You can read more about how this optimization works in this article.

As a furthur optimization, we dropped the 4 cornering samples as well, as suggested by Filmic SMAA for their Catmull-Rom implementation. We too haven’t spot any noticeable difference on filter quality.

Compare all 4 filters in a row:

“Transparent”(i.e. tradionally back-to-front alpha-blended) objects are rendered without velocity writes. As such, render results from these objects moving with highspeed, such as electrical wiring or projectile trails, can get quite blurry after TAA. Sometimes this is unwanted (video recorded in 720p):

To retain sharpness we ended up writing into an additional markup buffer, then adjust the taa blending factor accordingly. For example, blending factor is increased if either history or current markup sample is equal to a specific markup ref-value. This concept was again learned from UE4.

Limitations

Sticking with Unity’s vanilla GameObjects and Renderers limits our ability to construct correct velocity buffer for every objects in the opaque pass. For example, getting and retaining correct local to world transforms for moving LineRenderers and TilemapRenderers are just painfully hard, if not impractical at all.

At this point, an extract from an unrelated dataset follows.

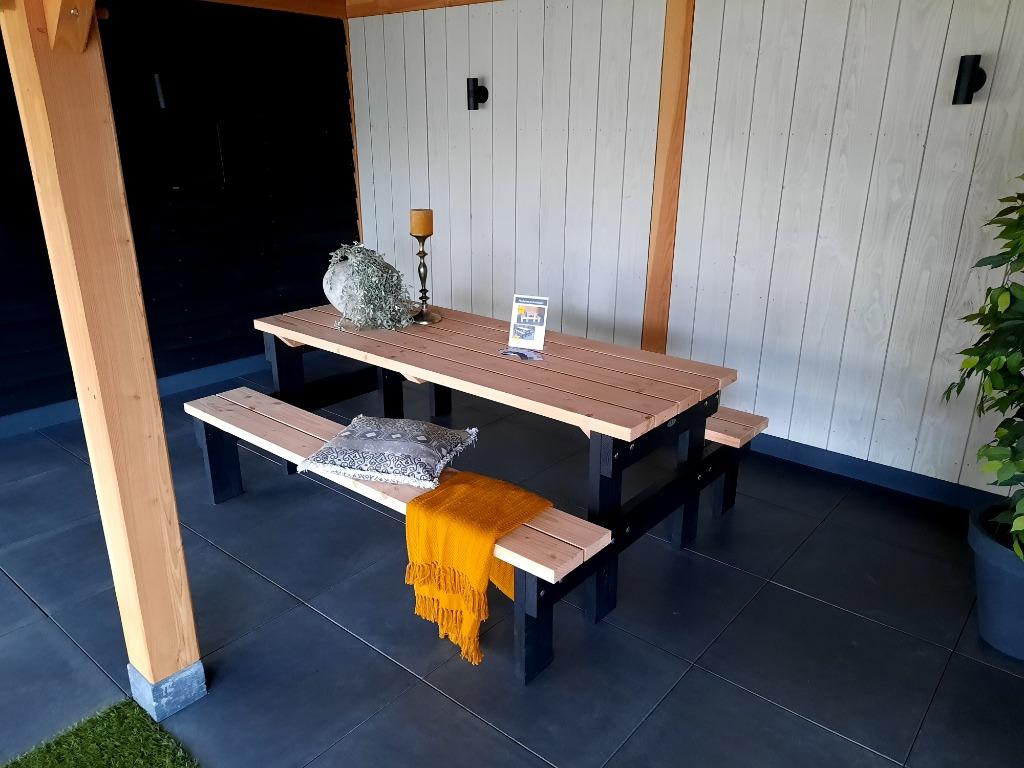 Moderne picknicktafel geschaafd Douglas, Ophalen, Nieuw, Hout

Movements of opaque objects encoded by flipbook animation are also unaccounted by the velocity buffer.

These unaccounted movements introduce incorrect history samples, which can only be partially caught by color clamping, eventually introducing blurryness in the final image.

More complicated workarounds such as more utilization of the markup buffer might help mitigate the issue, but we ended up just not bothering for the moment.

Bonus: temporal upsampling

For devices with lower graphic capabilities such as Nintendo Switch, we were still struggling to hit the 60fps target framerate, despite all the optimization efforts. One of the low hanging fruit was to simply reduce the backbuffer resolution, however if performed naively the result are too ugly to be considered usable. Check this example of directly upsampling from a 1302x742 backbuffer to 1080p:

Now with TAA in place we get another shot: render new frames in lower res, but keep the taa history color buffer in full res, essentially performing an temporal upsampling. With the same frame buffer size, new result looks significantly better:


That concludes the anti-aliasing work I did for HAAK. Hope you find it useful!